600メートルの垂直な壁がそびえ立つ、岩登りではとても有名な場所です。

 その岩壁には、先輩と私と私の同輩の、3人のパーティで挑戦しました。
 しかし登り始めてから15時間たっても、150メートル(岩壁全体の4分の1)しか登
ることが出来ませんでした。それで仕方がなく、途中で撤退するはめになってしまっ
たのです。

 撤退の直接の原因を作ってしまったのは、じつは私でした。
 私が、オーバーハング(岩がせり出し、天井のように覆い被さっている場所)を登っ
ている途中で、ロープ(厳密にはロープで作った「あぶみ」という3段はしご)に足が
からまり、逆さ吊りになって身動きが出来なくなったのです。
 私はその状態で、40分ぐらい悪戦苦闘をしていました。しかし体力と精神力が消
耗し、精も根も尽き果ててしまいました。
 しかもそのとき、岩壁を登り始めてからすでに15時間もたっていたのです! それ
だけでも体力はずいぶん消耗していました。
 だんだんと日も暮れてきました。しかし私たちは、岩場で宿泊する装備を持ってい
なかったのです。

 先輩の判断でそれ以上登るのをあきらめ、ロープを使って下降(懸垂下降)をする
ことに決まりました。
 下降の途中で完全に日が暮れ、真っ暗になりました。ヘッドライトを点灯していると
はいえ、ロープで下降した先にテラス(足場)があるのかないのか全く見えません。
その中をロープで下降して行くと、真っ暗な暗黒の中に吸いこまれて行くような感じ
がしました。

 そのとき私は、
 「ああ、私の立ち入ってはならない所に来てしまいました。
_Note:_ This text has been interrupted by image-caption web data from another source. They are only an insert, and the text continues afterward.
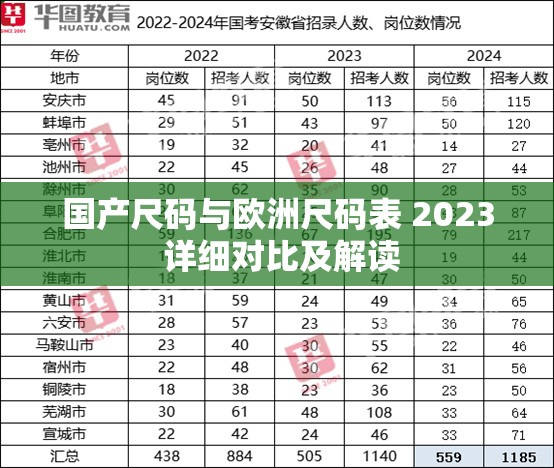 国产尺码与欧洲尺码表 2023 详细对比及解读
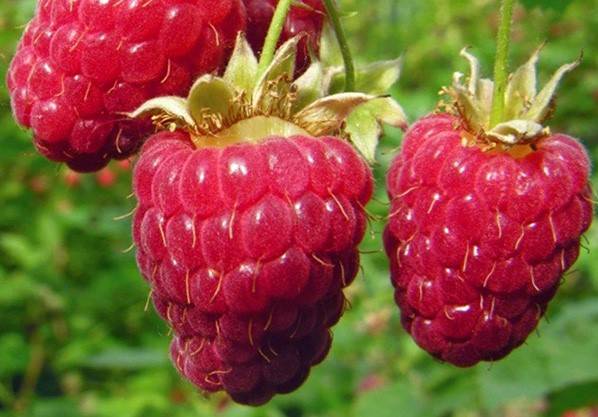 Raspberry Moscow Giant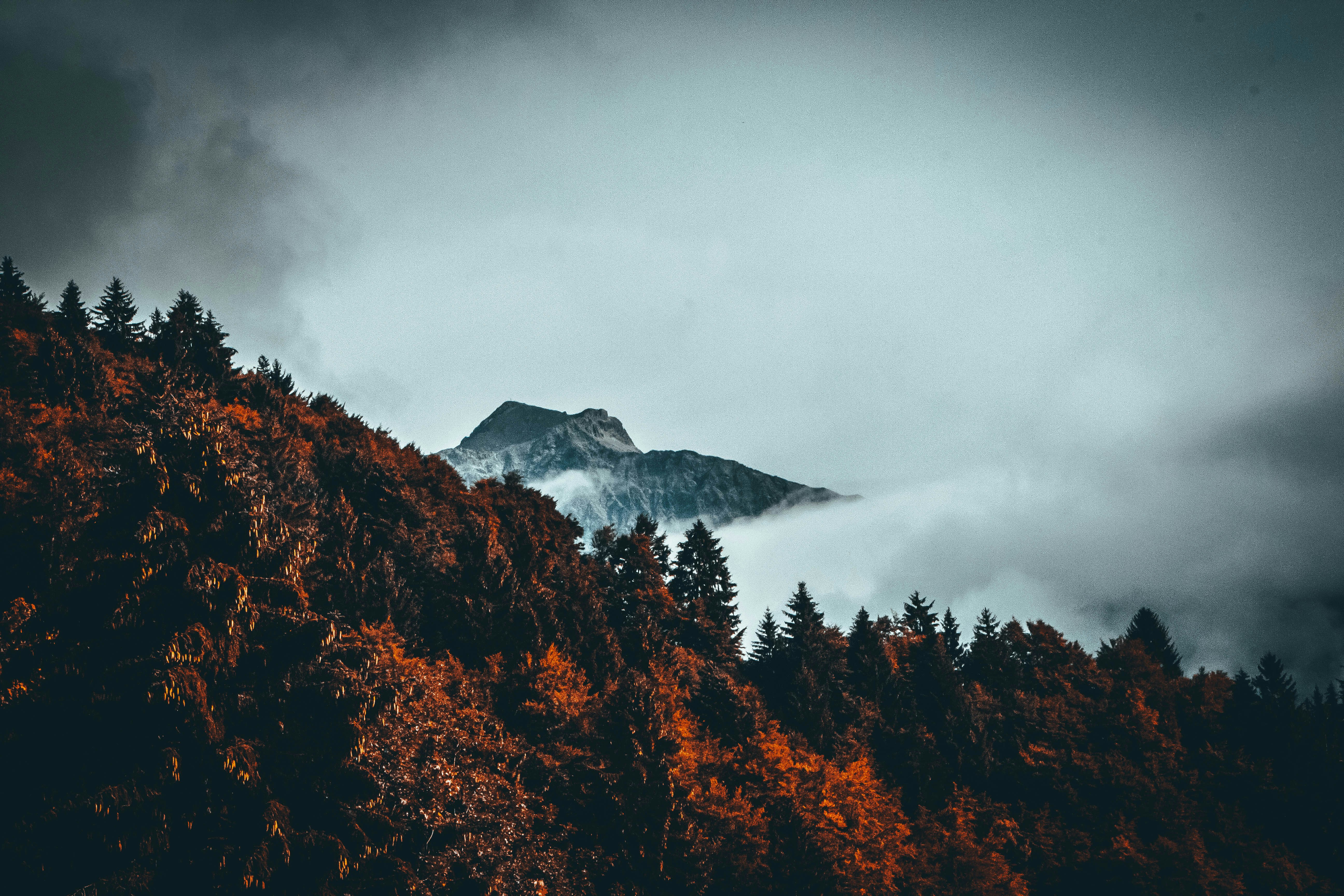 green trees on mountains under white cloudy sky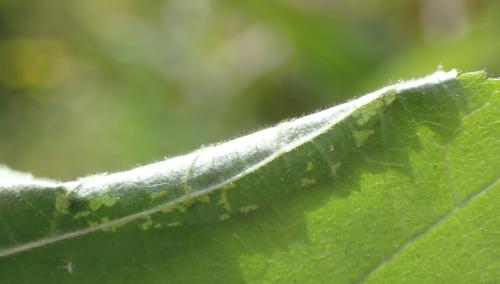 Réf. 336 439 : Phyllonorycter coryli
」
 「願わくば、どうか生きて帰らせて下さい。」
と、心の中で神に祈っていました。

 しかし不思議なことに、そのとき私は「死への恐怖」をまったく感じませんでした。
「生きたい!」という気持ちも、「死にたくない!」という気持ちも、全くありませんでし
た。心がパニックになっていた訳でもありません。
 妙に心が落ちつき、焦りや不安がまったくなく、よけいな体の力が抜けていました。
そして全身が、なにか暖かい空気や、優しい雰囲気に包まれているような感じがし
ました。とても安らかで充実した気分です。
 それは、体力や精神力が尽き果てていたからかも知れません。体力や精神力を
あまりにも消耗すると、緊張や恐怖さえも感じることが出来なくなるのです。
 またあるいは、現実逃避によって心がどこか別の世界をさまよっていたのかも
知れません。

 「神が私の命を持っていかれるのならば、それはそれで仕方がありません」という
気持ちでした。しかしながら、「願わくば、生きて無事に帰らせて下さい」という気持ち
もありました。
 やはり、「私が生きるも死ぬも、すべて神にお任せします!」というのが、その
ときの心境にぴったりだったと思います。

 幸運にも私たちのパーティは、だれも怪我をすることなく無事に下山できました。
もちろん、先輩の冷静な判断と行動、そして細心の注意をはらって下山したことが
幸いしたのです。
 しかし私としては、「なにか大いなるもの(神)に守られていたので助かった!」と、
とても強く実感したのも事実です。